**Work request**
The records below are to be output exactly, except for their pictures.

╭─ Source data

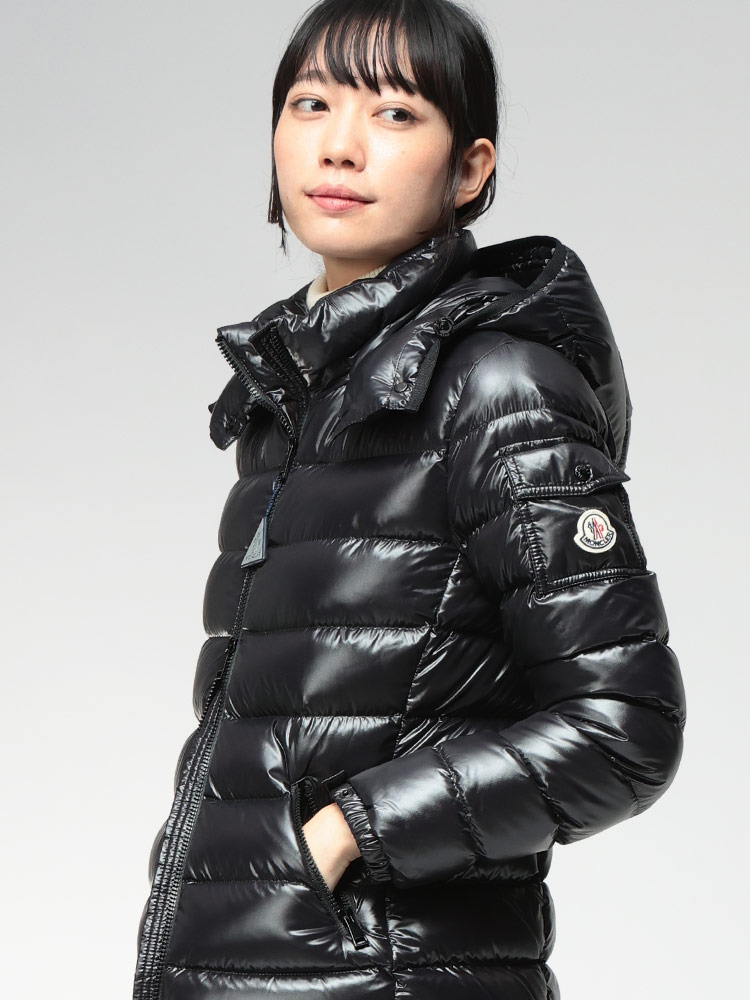 MONCLER (モンクレール) フード付き フルジップ ショート ダウン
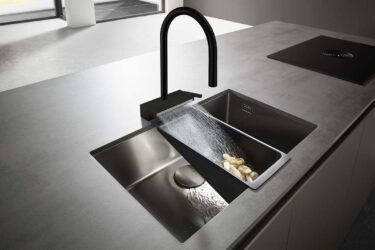 7 unique features that make this kitchen faucet a must-have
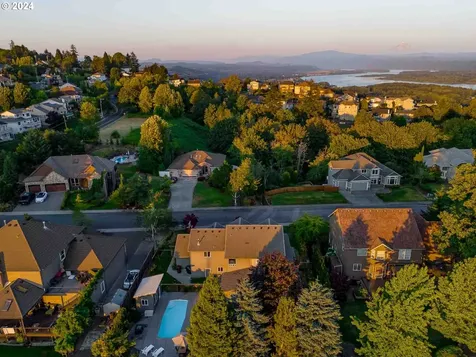 705 Nw Fremont Street Camas WA 98607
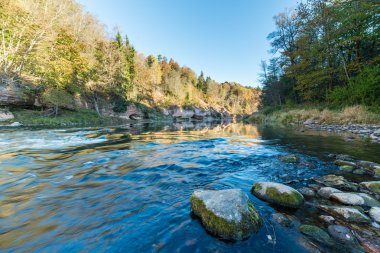 kumtaşı kayalıklarla Gauja Milli Parkı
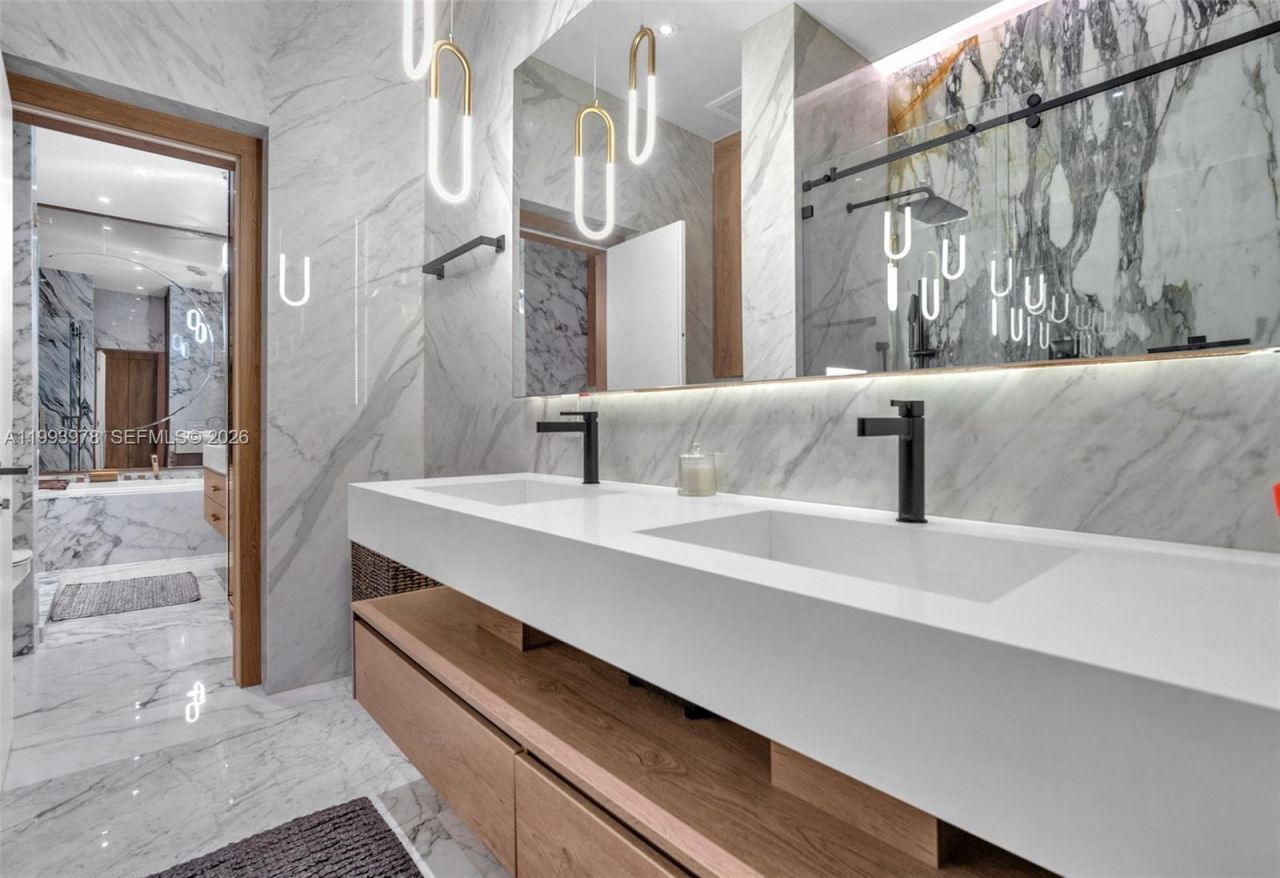 46 NE 162nd St , Miami, FL 33162 Photo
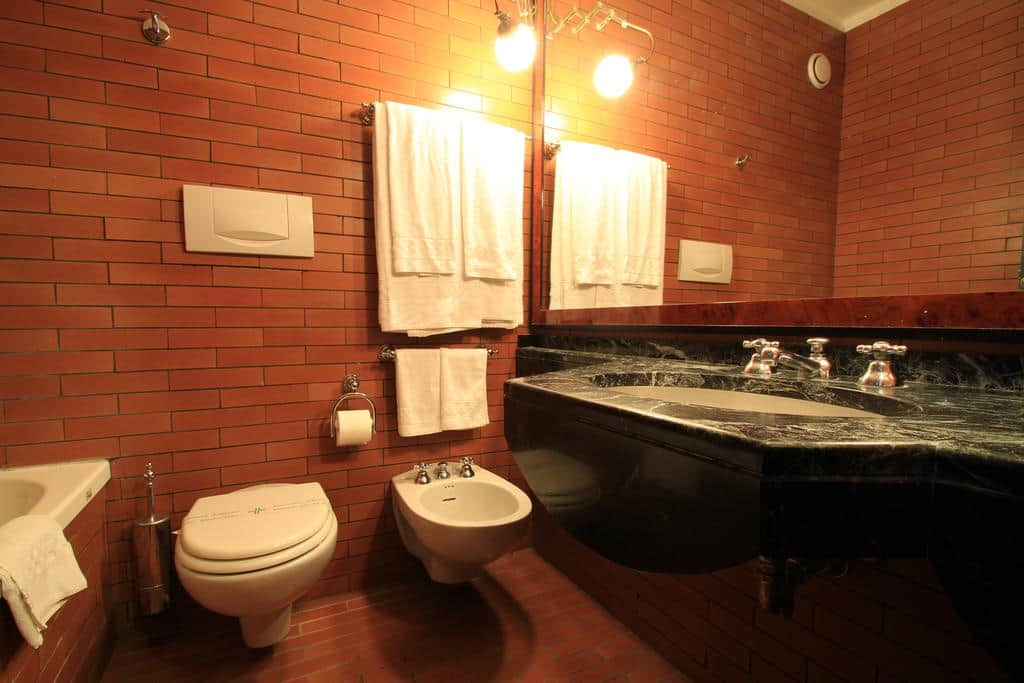 Colony Hotel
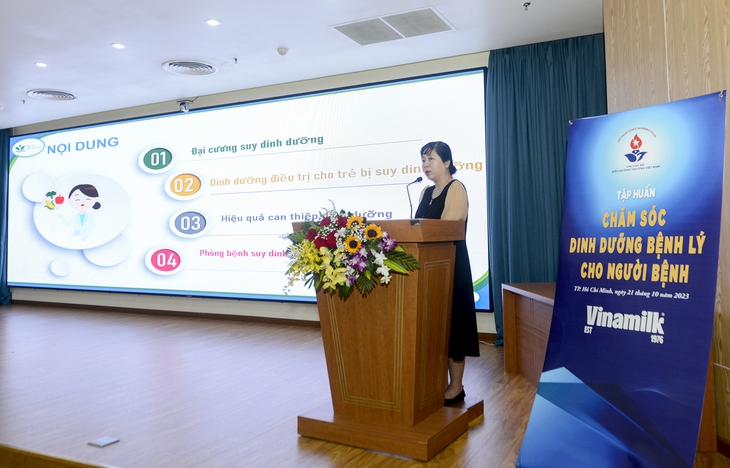 Can thiệp dinh dưỡng giúp tăng hiệu quả điều trị bệnh, rút ngắn thời gian phục hồi - Ảnh 1.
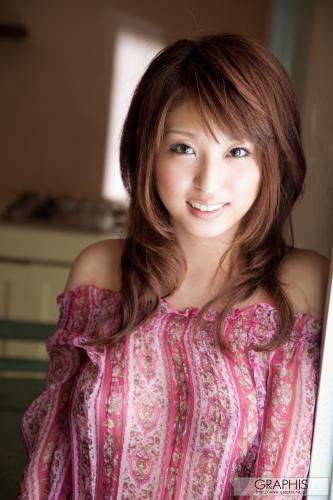 [Graphis] First Gravure 初脱ぎ娘 No085 Syoko Akiyama 秋山祥子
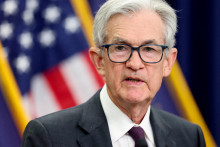 Po roku váhania prišiel moment zlacnenia dolárových úrokov. Šéf amerického Fedu Jerome Powell o tom rozhodne už v stredu 17. septembra. FOTO: REUTERS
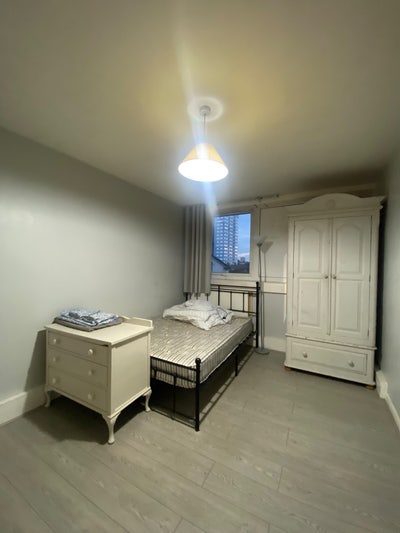 Double bedroom - abbey road  Main Photo
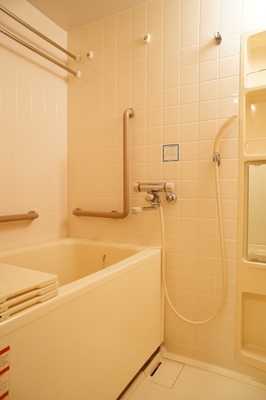 Bath. Bathroom Dryer ・ With reheating with Reheating function function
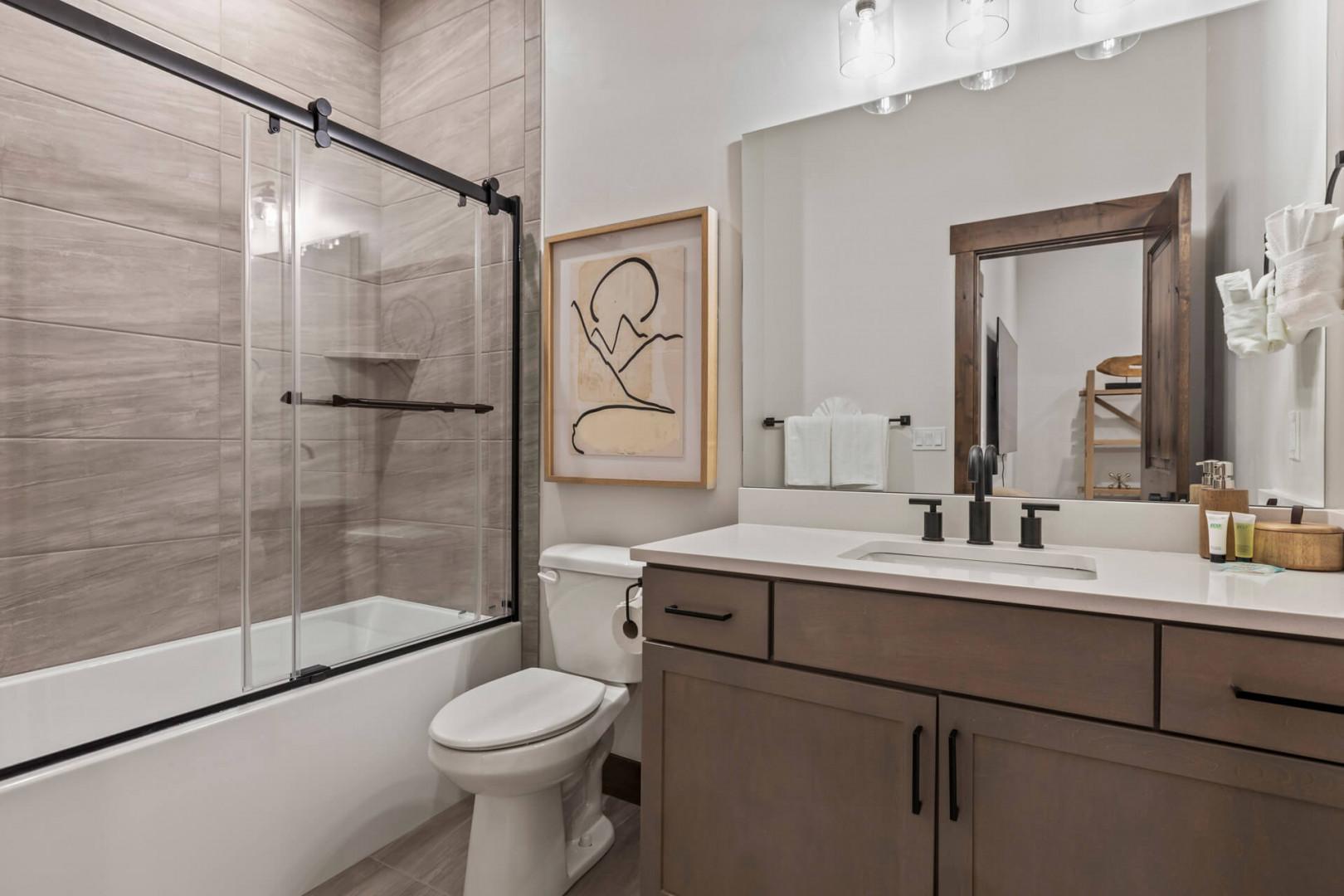 Black Rock Ridge 14488: Sleek sink, mirror, toilet, and convenient tub shower combo.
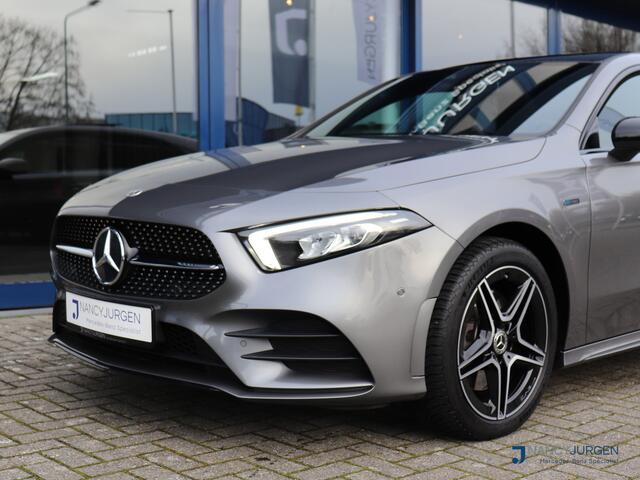 Mercedes-Benz A-KLASSE 250 e AMG Limited | Pano | MBUX High End | LED | Parkeer Pakket | Night Pakket | Ambiente | incl. 12 maanden Full Certified Car Garantie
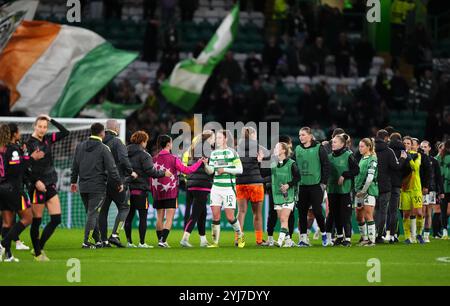 Les joueuses du Celtic et de Chelsea se serrent la main après le coup de sifflet final après le match de l'UEFA Women's Champions League, groupe B au Celtic Park, Glasgow. Date de la photo : mercredi 13 novembre 2024. Banque D'Images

╰─

**Answer box**
 MONCLER (モンクレール) フード付き フルジップ ショート ダウン
 7 unique features that make this kitchen faucet a must-have
 705 Nw Fremont Street Camas WA 98607
 kumtaşı kayalıklarla Gauja Milli Parkı
 46 NE 162nd St , Miami, FL 33162 Photo
 Colony Hotel
 Can thiệp dinh dưỡng giúp tăng hiệu quả điều trị bệnh, rút ngắn thời gian phục hồi - Ảnh 1.
 [Graphis] First Gravure 初脱ぎ娘 No085 Syoko Akiyama 秋山祥子
 Po roku váhania prišiel moment zlacnenia dolárových úrokov. Šéf amerického Fedu Jerome Powell o tom rozhodne už v stredu 17. septembra. FOTO: REUTERS
 Double bedroom - abbey road  Main Photo
 Bath. Bathroom Dryer ・ With reheating with Reheating function function
 Black Rock Ridge 14488: Sleek sink, mirror, toilet, and convenient tub shower combo.
 Mercedes-Benz A-KLASSE 250 e AMG Limited | Pano | MBUX High End | LED | Parkeer Pakket | Night Pakket | Ambiente | incl. 12 maanden Full Certified Car Garantie
 Les joueuses du Celtic et de Chelsea se serrent la main après le coup de sifflet final après le match de l'UEFA Women's Champions League, groupe B au Celtic Park, Glasgow. Date de la photo : mercredi 13 novembre 2024. Banque D'Images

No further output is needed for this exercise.